INSTRUCTIONS FOR THE TASK
Give back, word for word, the line that contains "Pair of Regency" and every line that follows it in the data below.

SOURCE MATERIAL
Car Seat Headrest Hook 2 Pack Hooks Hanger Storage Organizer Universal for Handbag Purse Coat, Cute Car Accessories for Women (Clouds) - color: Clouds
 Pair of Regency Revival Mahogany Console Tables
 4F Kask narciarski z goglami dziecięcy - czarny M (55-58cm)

EXPECTED OUTPUT
 Pair of Regency Revival Mahogany Console Tables
 4F Kask narciarski z goglami dziecięcy - czarny M (55-58cm)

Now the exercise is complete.